- Task item: Set down exactly the lines in the records below that run from the line with "7805 Notley Road" to the line with "120 Rollins Road", inclusive, and nothing more.

- Provided data:
Content starts

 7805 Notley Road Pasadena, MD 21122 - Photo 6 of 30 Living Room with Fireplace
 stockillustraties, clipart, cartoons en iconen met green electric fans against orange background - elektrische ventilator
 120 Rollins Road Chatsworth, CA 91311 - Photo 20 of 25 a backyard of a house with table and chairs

Content ends
Content starts

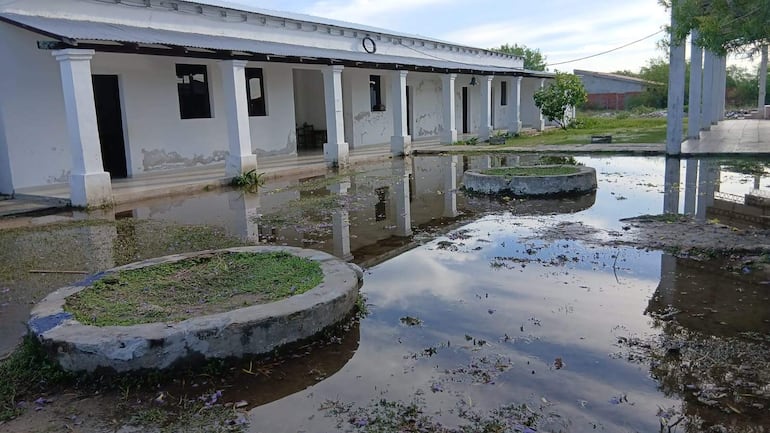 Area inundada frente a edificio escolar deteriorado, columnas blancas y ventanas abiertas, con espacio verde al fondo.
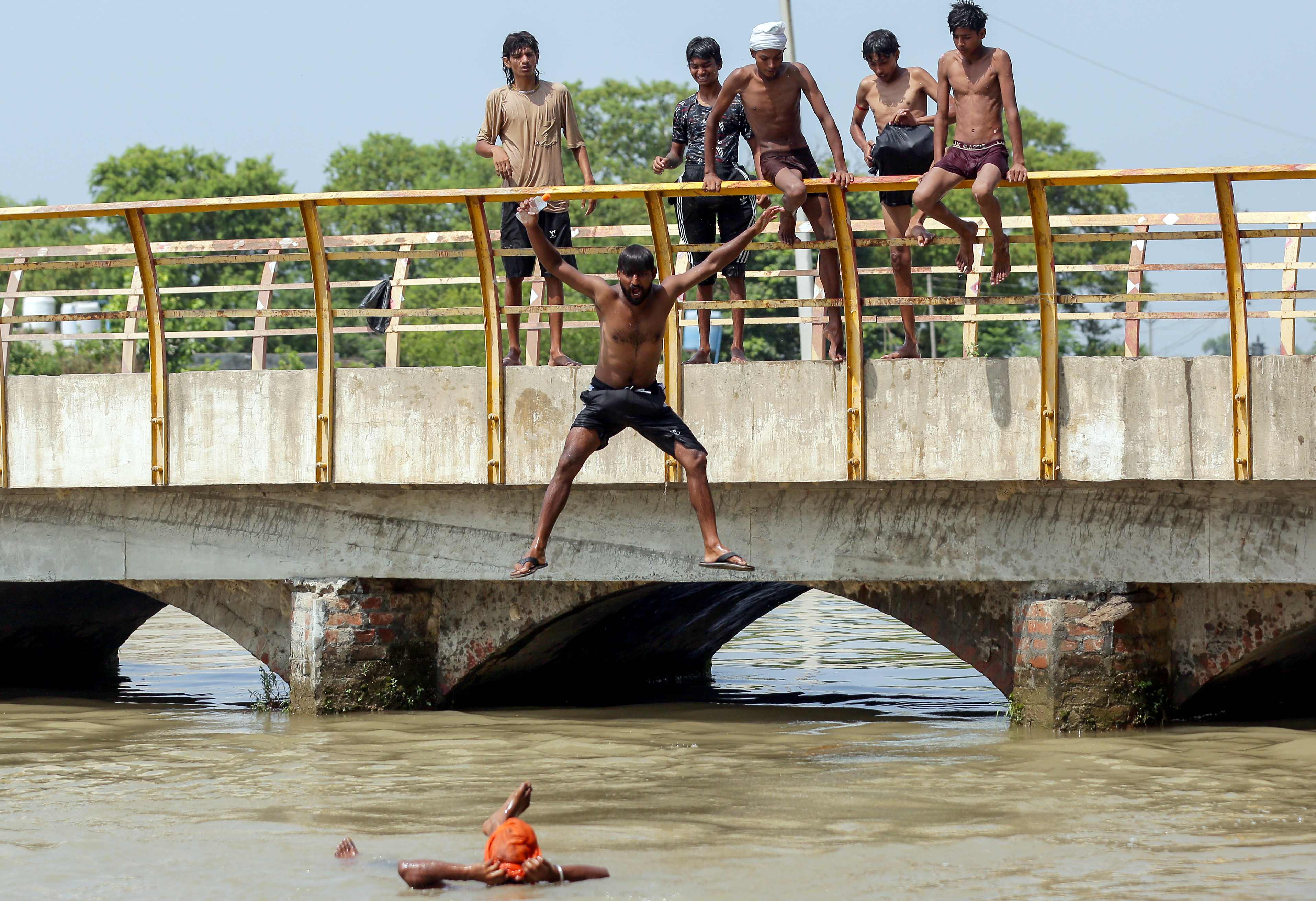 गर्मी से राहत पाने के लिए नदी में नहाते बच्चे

Content ends

- Output of the exercise:
 7805 Notley Road Pasadena, MD 21122 - Photo 6 of 30 Living Room with Fireplace
 stockillustraties, clipart, cartoons en iconen met green electric fans against orange background - elektrische ventilator
 120 Rollins Road Chatsworth, CA 91311 - Photo 20 of 25 a backyard of a house with table and chairs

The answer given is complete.